RICHMOND, Va. – Monster Energy Cup Series driver Denny Hamlin said Friday morning at Richmond Raceway that the encumbered finish handed down to his No. 11 Joe Gibbs Racing team was unfortunate following this past Sunday’s Bojangles’ Southern 500, especially because he knows he had nothing to do with it.
Joe Gibbs Racing was slapped with an L-1 penalty which includes the two-race suspension of crew chief Mike Wheeler, plus a hefty $50,000 monetary fine. Hamlin will work with interim crew chief Chris Gabehart for Saturday night’s Federated Auto Parts 400 as well as the playoff opener next weekend at Chicagoland Speedway.
“Well, it sucks,” said Hamlin of the penalty. “I know personally, it had nothing to do with winning the races. I’d won five other races at that track well before that. I’d love to line ’em up again. That track is special to me. It was a special weekend all in all. It took something that was super positive and turned it into a negative pretty quick.”

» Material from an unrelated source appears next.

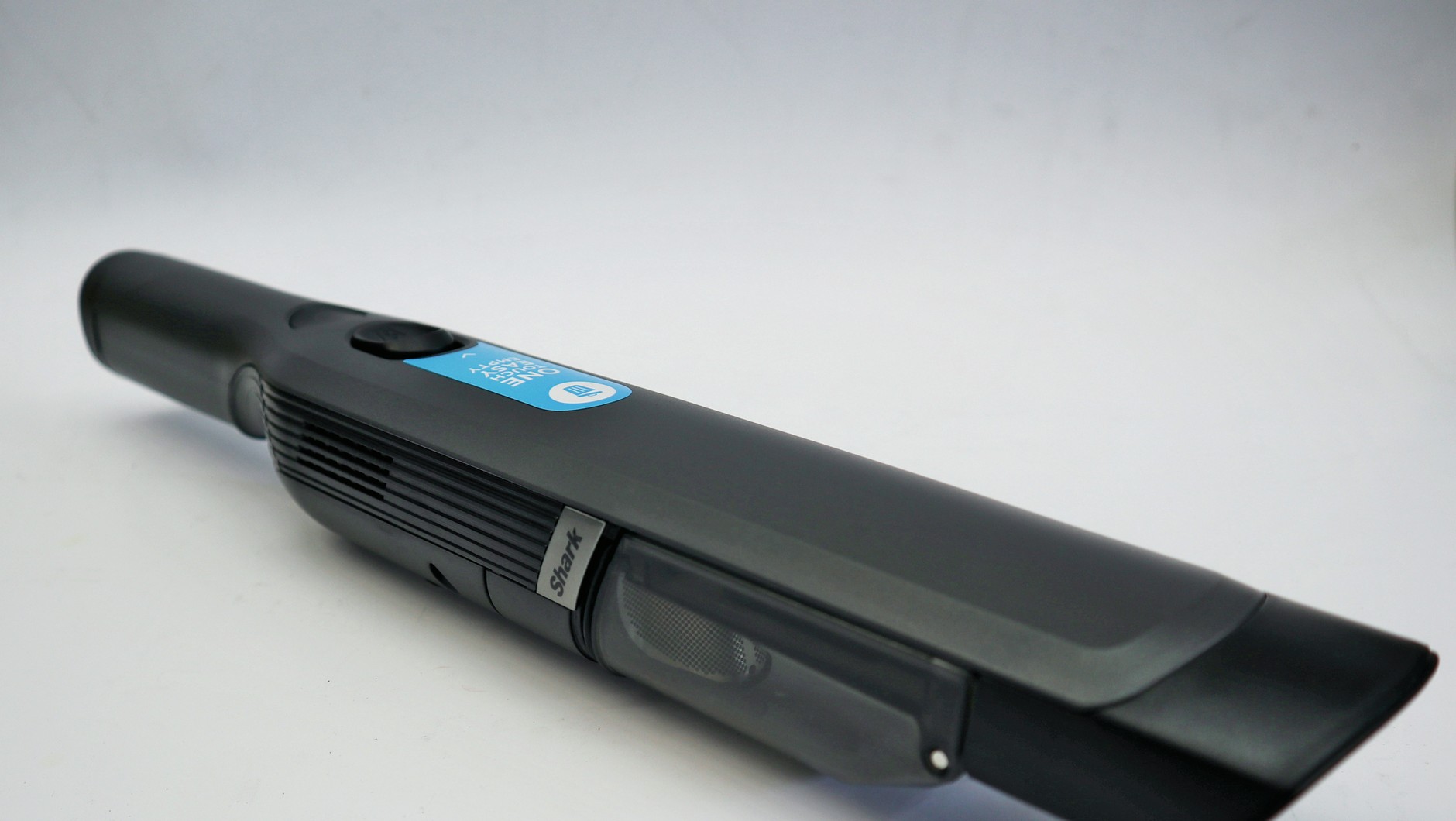 Test odkurzaczy do auta: Shark WV200EU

Hamlin, a native of Chesterfield, Virginia who is the defending champion of the final race of the regular season confidently stated Friday that he’s won at Darlington before without inspection violations and feels confidently about the opportunity to do so in the future.
“I’d love to line them up all again, that track is special to me,” Hamlin said reflecting on his 31st Cup career win. “It was a special weekend, all in all. It just took something that was super positive and turned into a negative pretty quick.”
When chatter started to flow down the pipeline that there may have been an issue with the car, Hamlin said that Wheeler went and looked at the infraction himself. Upon review, he agreed it was penalty-worthy and Hamlin stood by his crew chief.
“We can talk about taking wins away in the future, I think it’s definitely a possibility,” Hamlin said. “As long as it’s the same for everyone, I think is key. Make sure when someone else in there with the same violation it gets the same penalty and treatment, even if it’s in the playoffs.
“That’s what makes me nervous – in the playoffs is NASCAR going to do the same things when so much is on the line? Obviously, it’s negative publicity for everyone involved, so I just hopes it’s the same. And I’m fine with taking wins away.”
Giving a deeper insight on last weekend’s Cup race at Darlington, Hamlin said his No. 11 FedEx Toyota was legal when it hit the race track and a grinding 367 laps around Darlington, one of the rougher and toughest tracks on the circuit – took its toll on the car.
Hamlin also hit the wall ate in the race. Nonetheless, whatever the determining factor, Hamlin said the team takes responsibility for what transpired during post-race inspection.
“We got to do a better job going back now that we know what we built in (tolerance-wise) was not enough,” sounded Hamlin. “We’ll fix it and go forward. If the shoe was on the other foot and it was one of my competitors, I would expect the same kind of penalty. We’ll move on and try to win this week.
“To be fair, it wasn’t right at that moment [at the R&D Center]. We didn’t start the race with an illegal car. It worked its way that way. And when I say it worked its way, it was so close. But so close doesn’t matter; it was still over the line. I hate the position I’m put in. I hate the position (Wheeler) is put in, we just didn’t allow for running into the wall with five laps to go. We didn’t allow for the dirt and the grime to get in there and loosen those things up as bad as it did. It’s unfortunate.”
The good thing for Hamlin, he is still locked into the playoffs because of a July 16 victory at New Hampshire Motor Speedway. Hamlin, however, lost five crucial playoff points from the Darlington victory – taking his playoff points total from 12 to seven.
When it comes to the 10-race playoff stretch, those five points could come back to haunt Hamlin and his team come Homestead-Miami (Fla.) Speedway in November.
Oh, to those who offered that Hamlin and his team were “cheating” last weekend, the often-outspoken driver offered his own two-cents on that subject too.
“How many wins does Richard Petty have? Two hundred? One of them was with a big block [engine], so does he really have 199?” Hamlin asked. “Listen, my advice to those who say this or that is all the old-school fans who have been watching NASCAR forever, your driver cheated at some point in their career and they got away with it. The difference is it was inches, not thousandths, because they didn’t measure that stuff back then.
“It’s just a tighter box that we live in today and the engineers and the crew chiefs are so smart they fight for that little bit because they know it can make the difference in the smallest of deficits on the racetrack.”